## WHAT TO DO
For this exercise, retype all the data exactly and exclude every image.

## GIVEN INFORMATION
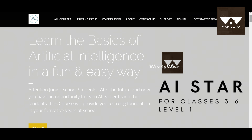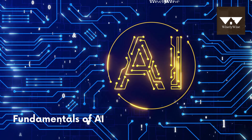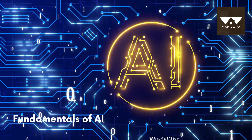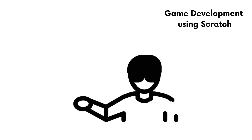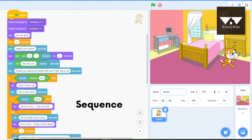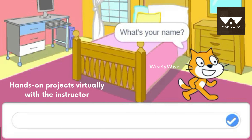Based on this, WiselyWise is introducing an AI Star Course for Grades 3-6. In this course, students will learn Fundamentals of AI Block Coding, Game Development using Scratch, and do hands-on projects virtually with the instructor.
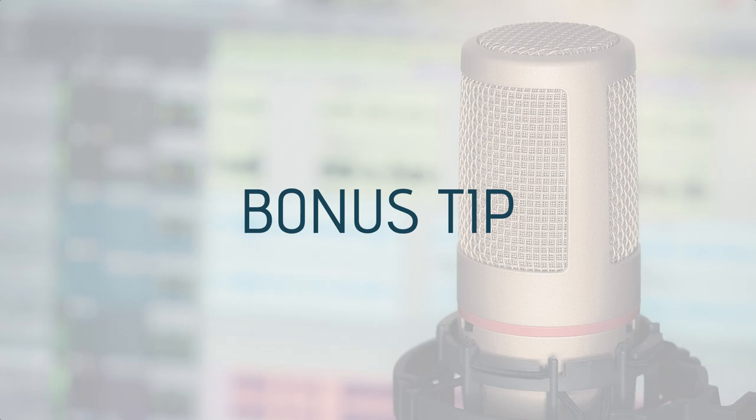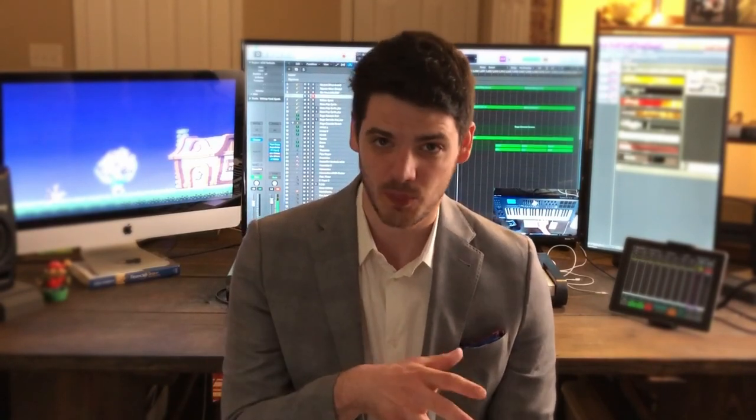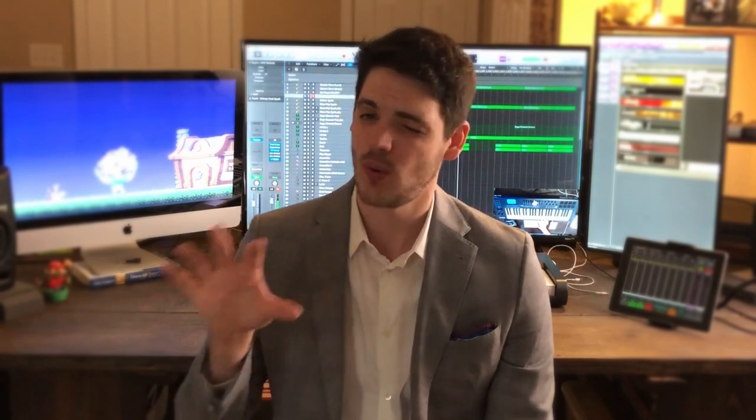One bonus tip: anytime someone approaches you to hire you for your music, you are on the negotiating high ground. When you approach them, you won't be. Always add value to people so that they come to you, because then you always have the last word — you can always say no, but they're the ones who need your help. Position yourself so that you can always ask for the proper rate without having to negotiate as hard.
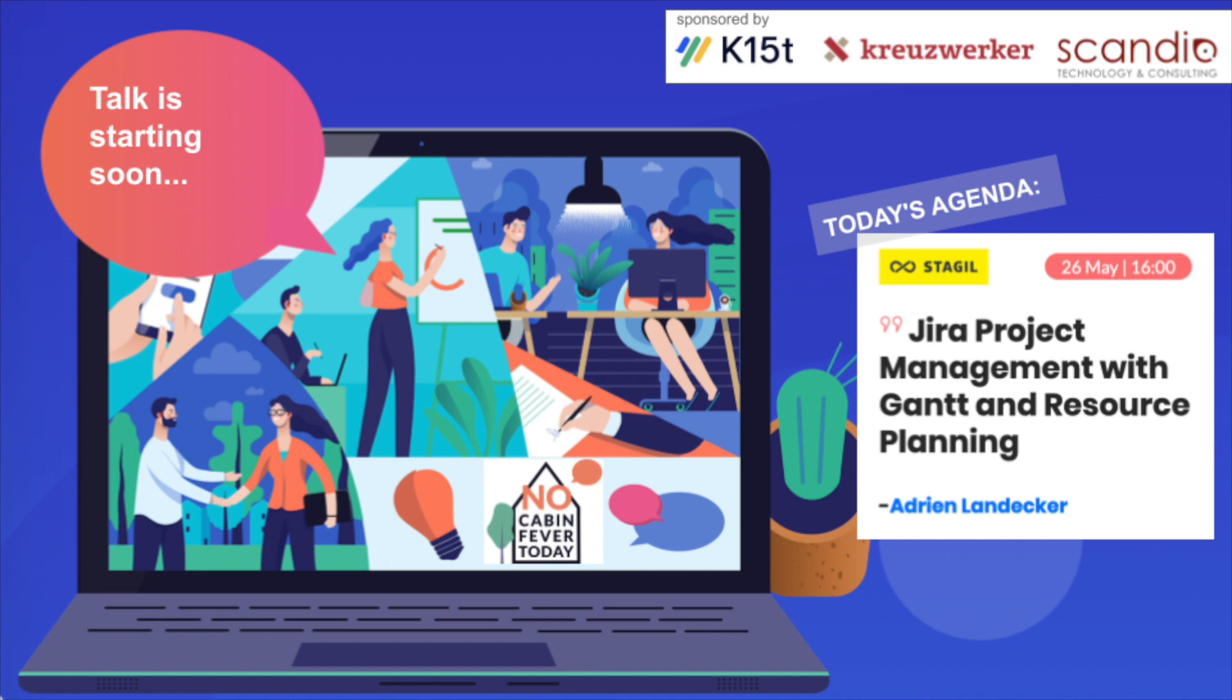Hello and welcome to No Cabin Fever today. With us is Adrian Landecker and he talks about Jira project management with Gantt and resource planning. The stage is yours.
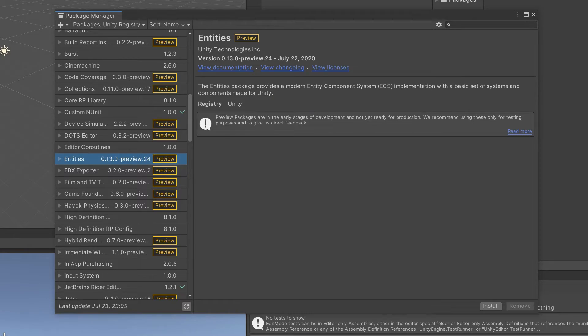Because of the higher focus on the package manager, there is a brand new package manager. If you're at all confused on how to use it, check out the video I made going over how to use it and how to enable preview packages so you can take advantage of exciting things like DOTS and ECS.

## REPLY
Based on this, WiselyWise is introducing an AI Star Course for Grades 3-6. In this course, students will learn Fundamentals of AI Block Coding, Game Development using Scratch, and do hands-on projects virtually with the instructor.
One bonus tip: anytime someone approaches you to hire you for your music, you are on the negotiating high ground. When you approach them, you won't be. Always add value to people so that they come to you, because then you always have the last word — you can always say no, but they're the ones who need your help. Position yourself so that you can always ask for the proper rate without having to negotiate as hard.
Hello and welcome to No Cabin Fever today. With us is Adrian Landecker and he talks about Jira project management with Gantt and resource planning. The stage is yours.
Because of the higher focus on the package manager, there is a brand new package manager. If you're at all confused on how to use it, check out the video I made going over how to use it and how to enable preview packages so you can take advantage of exciting things like DOTS and ECS.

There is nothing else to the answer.